Data capturing, adaptable content, social media, and activation.
As a marketing professional, I spend a lot of time learning and educating on digital trends. With the current rate of growth, mobile marketing has been one of the most exciting to monitor. The data on user adoption is changing almost daily, with consumers actively changing the way they consume, share, and publish. To keep up with these changes, brands and media companies are regularly making advancements that impact our industry. For this column, I spent some time with my agency's mobile strategy team to define the top four current trends.
More Data Capture, More Targeting
Advertisers have been able to target by location, content, and demographics for some time now. Recently "social targeting" and retargeting across mobile-enabled platforms has emerged. The new capabilities represent a significant opportunity to hone ad delivery. They also allow for greater customization of messaging.
The "Holy Grail" will be a connection point and solid data capture between all digitally enabled platforms (desktop, IPTV, phone, and tablet)…but you can't be too greedy.
Content Is Adapting
With the proliferation of more digital access points, the attention span of customers is more and more limited. The content should mirror the expectations of the user and brands are starting to use this research to guide asset development across mobile and tablet devices, making content more accessible across all formats (app or mobile web).
Brands should be developing content tied to the consumer's primary needs. This is true if you are running standard ads in mobile media placements or if you are developing content for organic distribution (e.g., Flipboard). Content development and distribution have positioned marketers as an advertiser and a publisher. It is important to understand the demands on a brand's content in an always-on, connected culture.

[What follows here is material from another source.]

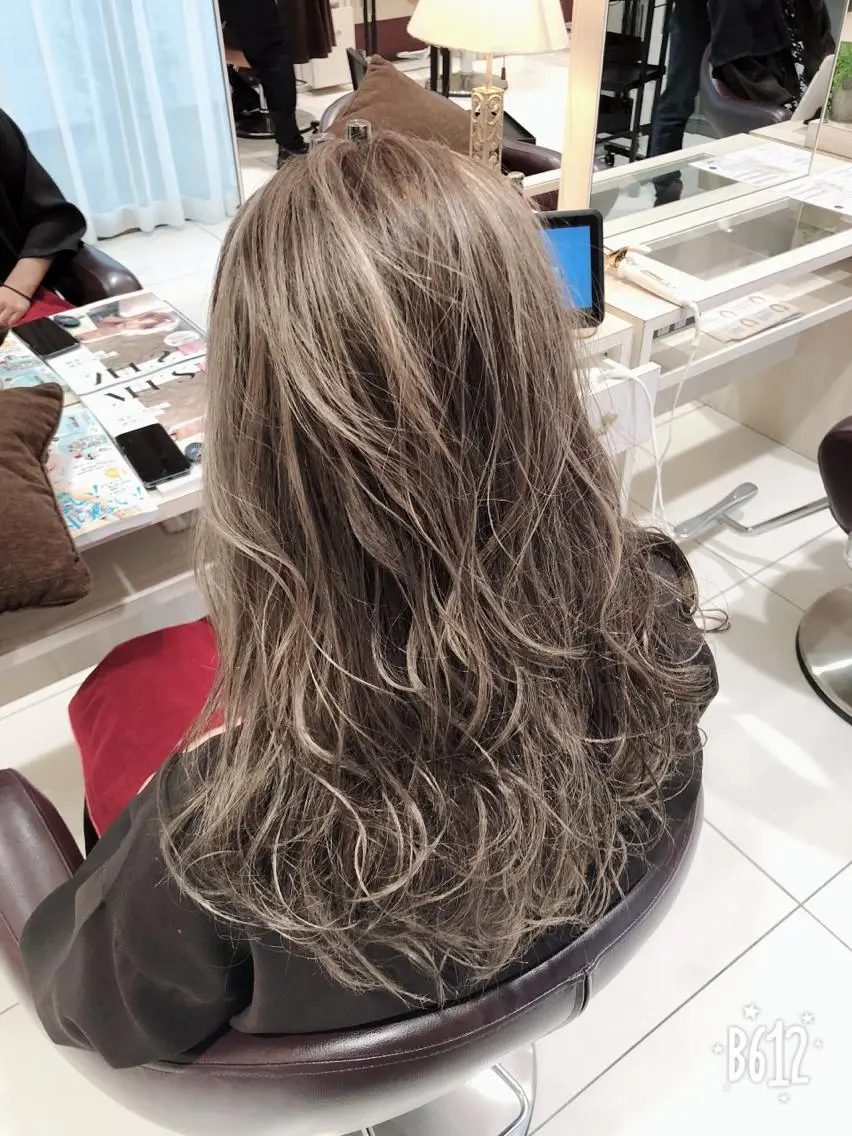 セミロング カラー ベージュカラー ブリーチ ハイライトカラー ハイライト 縮毛矯正 トリートメント 難しい髪質の縮毛矯正 高岡/射水/髪質改善のヘアスタイル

Social Media Is at the Forefront
We have all heard (and agree) that a mobile device is the most personal technology a user constantly accesses. It is unsurprising that social represents a majority of a consumer's time in mobile. According to comScore, 45 percent of all Facebook traffic and 55 percent of all Twitter traffic is mobile. Unlimited access via mobile is not just changing how people access the social web, it's changing what they do when they get there.
Activation, Activation, Activation
Engaging consumers through mobile continues to be a hot topic. Many brands are trying it out, for right or wrong. I see the opportunities focused in four main areas: visual (QR codes), mobile visual search (Google Goggles), audio (Shazam), and native (SMS, MMS).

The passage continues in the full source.